State of Tennessee v. Ricco R. Williams-Concurring and Dissenting ( 2014 )


Menu:
  •         IN THE COURT OF CRIMINAL APPEALS OF TENNESSEE
    AT JACKSON
    Remanded by the Supreme Court August 21, 2013
    STATE OF TENNESSEE v. RICCO R. WILLIAMS
    Appeal from the Circuit Court for Lauderdale County
    No. 8856    Joseph H. Walker, III, Judge
    No. W2011-02365-CCA-RM-CD - Filed January 7, 2014
    J AMES C URWOOD W ITT, J R., J., concurring and dissenting.
    I respectfully write separately to express departure from the majority with
    respect to the absence of the White instruction in the especially aggravated kidnapping
    convictions wherein M.R., K.R., and A.R. were respectively named victims. I emphasize that
    I do not disagree with the logic underlying the majority’s conclusion that due process
    principles do not impact these three convictions, the victims of which were not also named
    victims in accompanying felonies. Rather, I disagree with the implication emanating from
    Anthony that due process principles constrict the use of kidnapping convictions against
    victims even though those victims were not victims in any accompanying felony. This
    vestige of the Anthony regime should be specifically overruled, but I view that as a
    responsibility of our supreme court.
    Before plunging into the rabbit warren of due process issues, I point out that
    the due process issue was not raised by either party in this appeal. Therefore, the White-trial
    error that I perceive ultimately must be analyzed for the presence of plain error. See Tenn.
    R. App. P. 13(b).
    Prior to State v. White, 
    362 S.W.3d 559
    (Tenn. 2012), our supreme court
    adjudicated cases which featured such supernumerary kidnapping victims. In State v.
    Anthony, 
    817 S.W.2d 259
    (Tenn. 1991), the case that started the due process imbroglio that
    White attempted to resolve, the defendant was convicted of offenses that he committed
    during the robbery of a Shoney’s Restaurant in Knoxville. Specifically, he was convicted of
    the armed robbery of Al Kesterson, the restaurant manager, and of the aggravated
    kidnappings of Mr. Kesterson and five other restaurant employees whom the defendant and
    his accomplice had encountered and detained during the episode. 

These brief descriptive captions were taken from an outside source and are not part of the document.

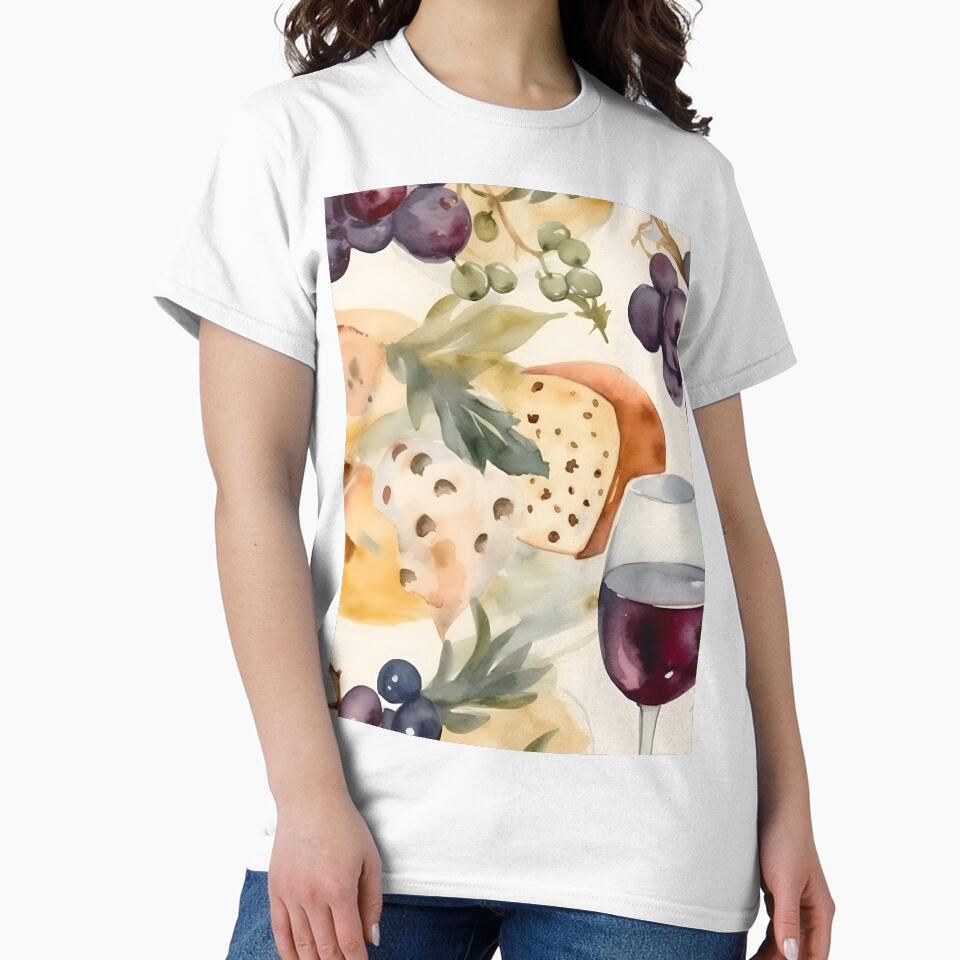 Wine and Cheese Water Color 6 by FantasyRealmOP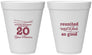 Personalized Class Reunion 12 oz Foam Cups - Class Of 2007 20 Year | 140011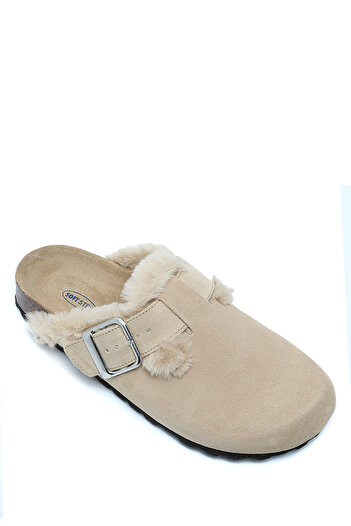 Kifidis K14207-029SD Kifidis Soft Step Kadın Süet Deri Sabo Mantar Terlik 36-41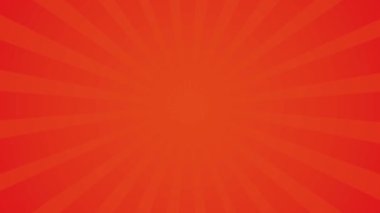 Pop-art tarzı video içerisindeki Retro vintage ışınları arka planı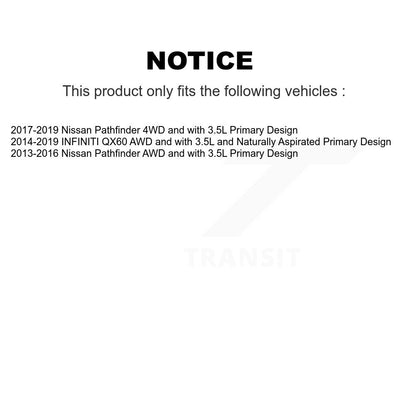 [Avant] Arbre de transmission CV pour Nissan Pathfinder INFINITI QX60 Primary Design KCV-100337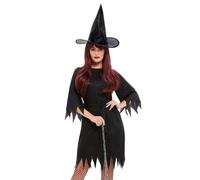 Smiffys Spooky Witch Costume, Black (Size L)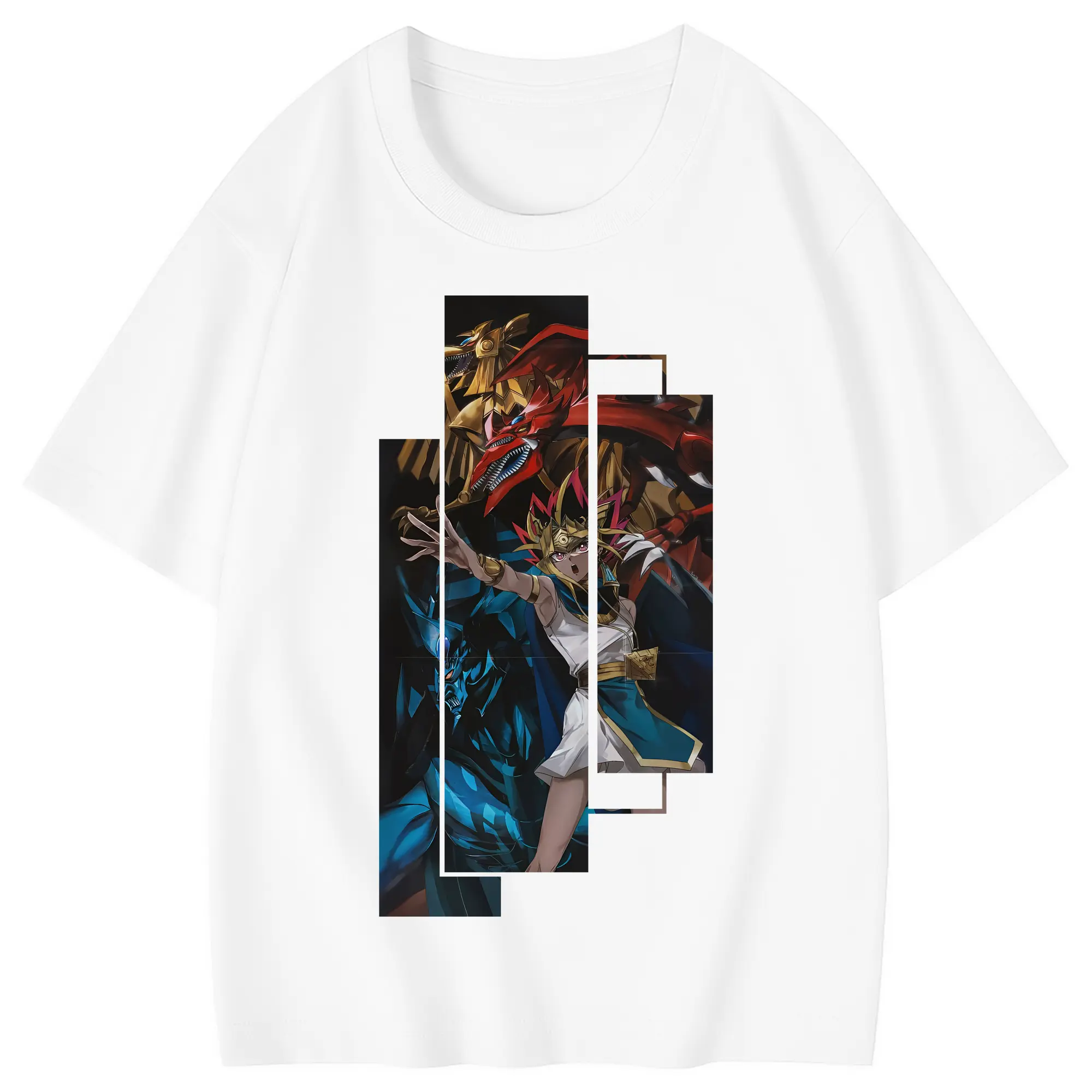 遊☆戯☆王 グッズ,さんげんしん - 綿100％ キッズTシャツ ・ フロントプリント ・ 快適 通気性 ・ スポーツ カジュアル 散歩用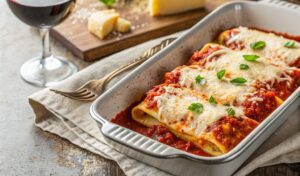 Canelones de Cherrys y Mozzarella en Freidora de Aire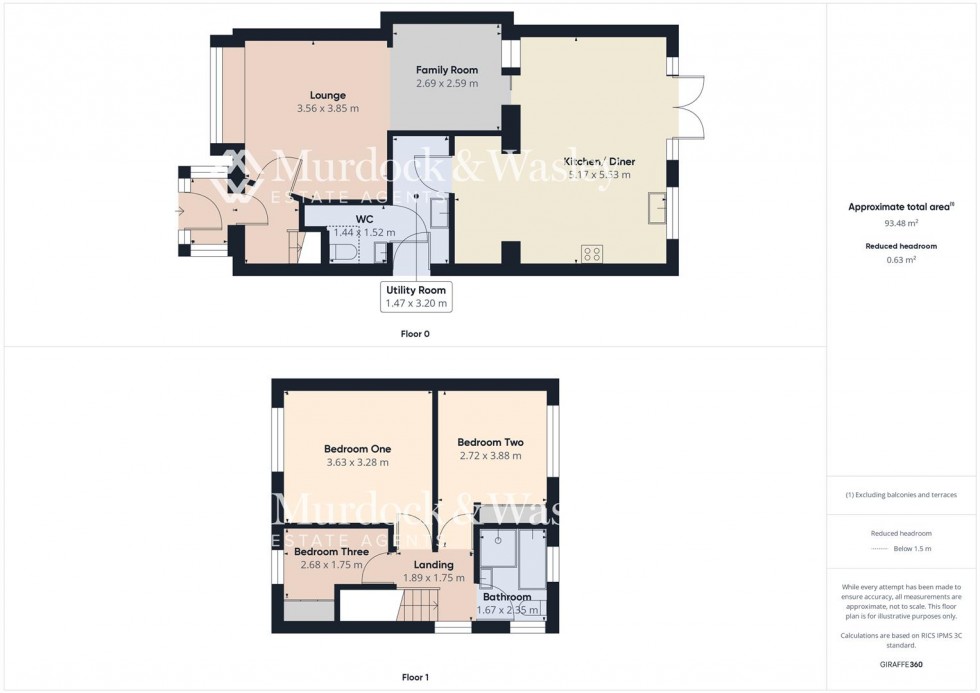 Floorplan for Wilkes Avenue, Hucclecote, Gloucester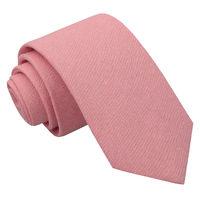 JA Chambray Cotton Coral Slim Tie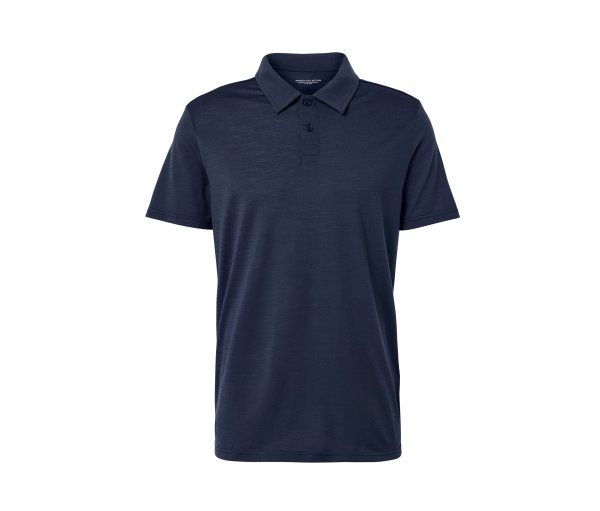 Tchibo - Poloshirt mit Merinowolle - Herren - Gr. XL - dunkelblau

    Anthony, 817 S.W.2d at 301
    . After formulating the concept of due process that governs convictions of kidnapping
    and an accompanying felony, the Anthony court then applied the concept to all convictions
    of aggravated kidnapping, despite that only Mr. Kesterson was the victim of the single armed
    robbery.
    In State v. Richardson, 
    251 S.W.3d 438
    (Tenn. 2008), the defendant pleaded
    guilty to a single offense of attempted especially aggravated robbery; yet, the supreme court,
    after analyzing the due process issue, affirmed convictions of especially aggravated
    kidnapping as they related to two kidnapping victims who were employees of a restaurant.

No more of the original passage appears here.